The E-mail Service Provider Coalition (ESPC) is toughening up its stance on email authentication, now requiring members to implement authentication for all email they send on behalf of clients — many of which are marketers. The ESPC will also mandate members use authentication when sending their corporate email.
“As an industry of concerned senders and receivers, we need to collectively take the next step toward email accountability,” said the ESPC in a position statement unveiled today at the Inbox West trade show in San Jose, Calif. “E-mail accountability represents our industry’s best chance to restore confidence, and take the medium back from the spammers.”
“The medium has tremendous potential, but if we lose consumer confidence in it, in terms of its trustworthiness or its reliability, that potential remains unrealized, and it could have far-reaching consequences,” said Dave Lewis, VP of marketing at StrongMail Systems and co-chair of the ESPC’s Receiver Relations Committee, which authored the statement.
The organization, composed of 62 member companies, had previously required all new members to be compliant with the Sender Policy Framework (SPF) authentication standard, while urging existing members to become compliant as soon as possible. Based on a recent survey of its membership, the ESPC found that 97 percent were authenticating outbound client email; and 73 percent were authenticating both client and corporate email.
The ESPC suggests that email senders immediately implement the IP-based Sender ID Framework, developed last year by combining Microsoft’s Sender ID with the open source Sender Policy Framework (SPF). The organization advises that other authentication standards, such as cryptographic solutions, can then be added on top of the Sender ID authentication where needed.
The two most widely adopted cryptographic solutions, DomainKeys from Yahoo and Internet Identified Mail from Cisco, have been combined into one solution called DomainKeys Identified Mail (DKIM), the companies announced today. DKIM uses public key cryptography to allow users to verify and maintain message integrity, and clearly identifies legitimate messages.
The ESPC is also calling upon major ISPs and other large email receivers to begin checking all inbound email for a correctly published SPF record, and notify members when a sender’s identity cannot be authenticated.
“Nothing will get the attention of a direct marketer faster than something that impacts their bottom line, and a message to end users stating that their message can’t be authenticated is going to affect open rates, click rates and conversion,” Lewis said.

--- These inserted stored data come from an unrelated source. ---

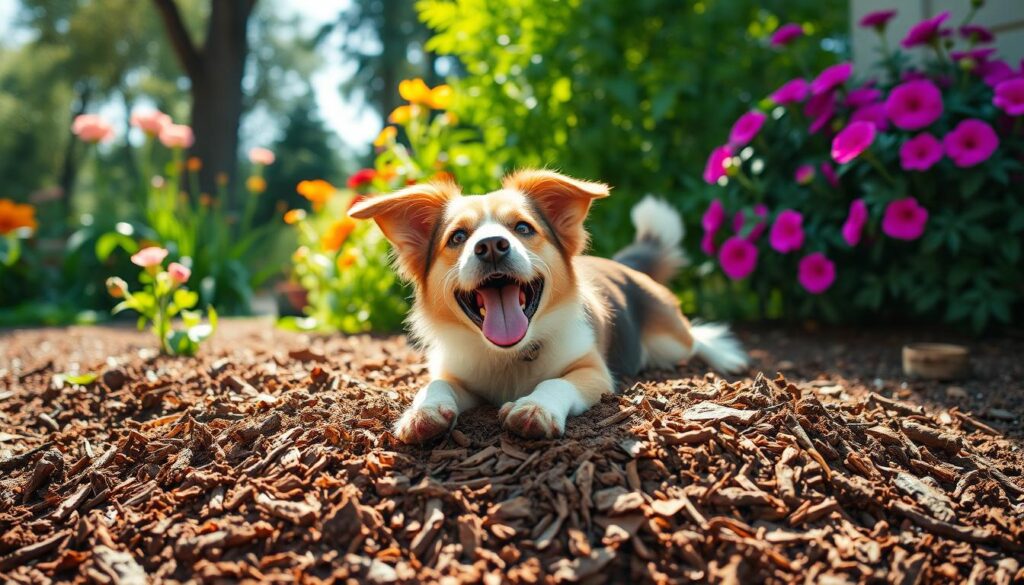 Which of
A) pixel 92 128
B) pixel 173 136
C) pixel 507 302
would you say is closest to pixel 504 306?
pixel 507 302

The ESPC is also asking ISPs to regularly publish their adoption statistics to keep the industry and email users informed of the progress of the authentication initiative.
“While advocating that receivers provide senders with notice on incorrectly authenticated mail or their intention to blacklist or bounce unauthenticated mail, the ESPC firmly believes that it’s in our mutual best interests for receivers to start taking definitive action based on the results of their authentication tests. We need receivers to reject mail from the spammers and phishers who are degrading our brands and destroying our medium,” said the ESPC in its statement.
ESPC members include Experian’s CheetahMail, Constant Contact, Digital Impact, DoubleClick, ProspectivDirect, Return Path, Skylist, and StrongMail Systems. In April, the group expanded its membership beyond email service providers to include email infrastructure providers, mail transfer agents, Internet service providers, non-profits, anti-spam application providers and deliverability solution providers. At that time, it added 13 new members, including Microsoft, Sendmail, IronPort Systems, and the Financial Publishers Association.